Originally posted by DeepThought According to the particle data-group the mass of the up quark is between 1.5 and 3.3 MeV/c² the mass of the down quark is 2.5 to 5.0 MeV/c². From this you´d expect the mass of a proton to be, at most, 11.6 MeV/c². The actual mass is 938 MeV/c². So here is a clear example of the whole being a couple of orders of magnitude larger than the sum of the parts.
But quarks cannot exist in isolation, so their mass is merely of theoretical interest. In any case a proton is not merely the "sum" of 2 up quarks and a down quark.

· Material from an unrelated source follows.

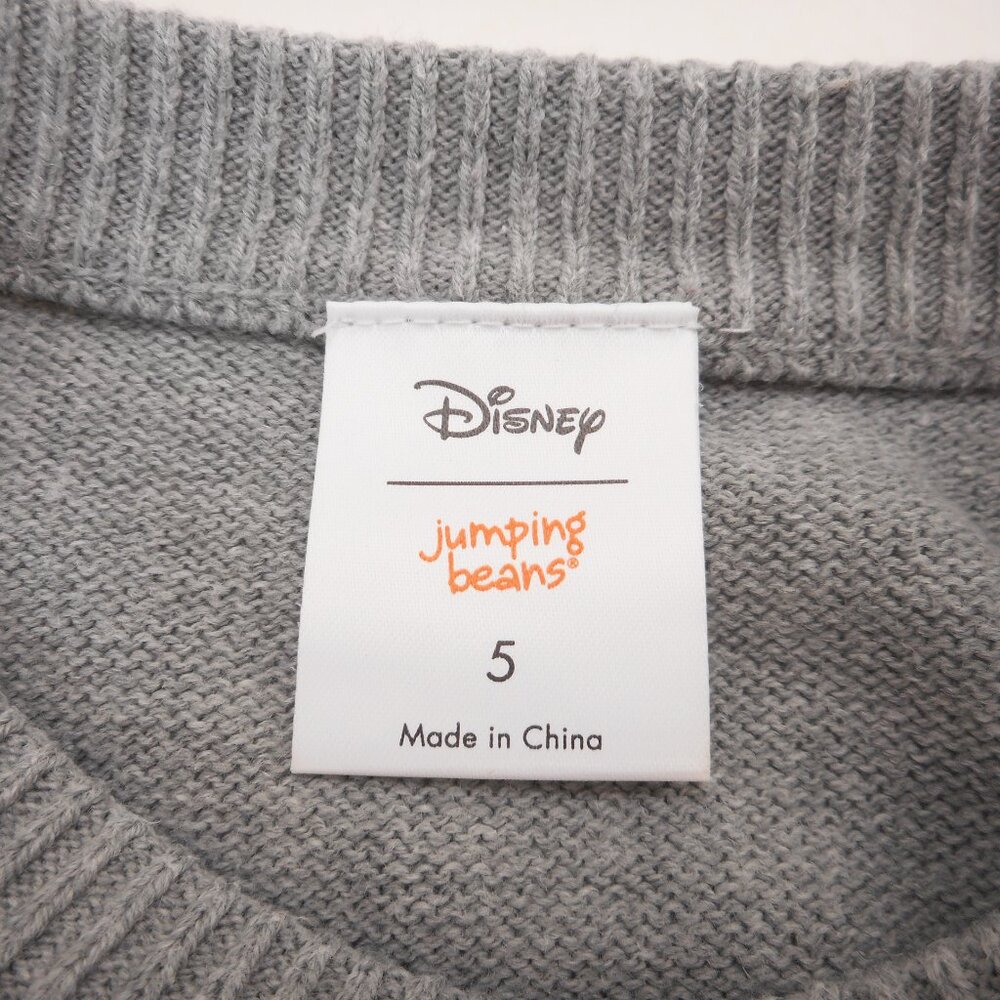Disney Jumping Bean Little Boy sz 5 Mickey Mouse Knit Sweater Gray Cotton Blend - Picture 5 of 11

Originally posted by KazetNagorra But quarks cannot exist in isolation, so their mass is merely of theoretical interest. In any case a proton is not merely the "sum" of 2 up quarks and a down quark.
They can exist in isolation, you just have to get a temperature higher than the deconfining transition.

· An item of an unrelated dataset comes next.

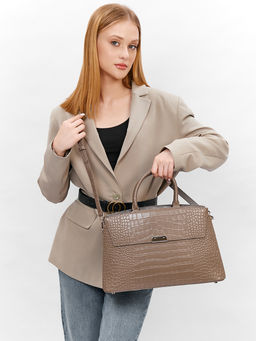 LACCOMA сумка НИ8099-серый натуральная кожа хлопок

The mass is of experimental interest, in small x scattering experiments the quarks behave essentially like free particles. In order to compare the experimental results with the theory you need to know where the pole of the propagator is, although I´ll grant you that a lot of the time the energy is so high that you can neglect the mass anyway. The particle data group information comes from this type of experiment.
The other stuff in protons are virtual particles. They are not physical. Gluons are massless in the theory anyway.

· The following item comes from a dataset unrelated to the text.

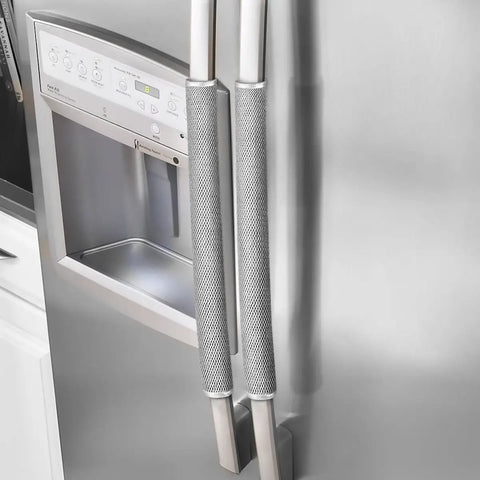 Gray plush refrigerator door handle covers on fridge Plush Refrigerator Door Handle Covers 3 Piece Set Gray Soft Protectors For Fridge Microwave And Dishwasher Catches Drips Fingerprints And Dust Keeps Handles Clean Easy To Install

Originally posted by DeepThought They can exist in isolation, you just have to get a temperature higher than the deconfining transition.
The mass is of experimental interest, in small x scattering experiments the quarks behave essentially like free particles. In order to compare the experimental results with the theory you need to know where the pole of the propagator is, although I ...[text shortened]... rotons are virtual particles. They are not physical. Gluons are massless in the theory anyway.
Okay, I should have said they cannot exist in isolation in a bound state.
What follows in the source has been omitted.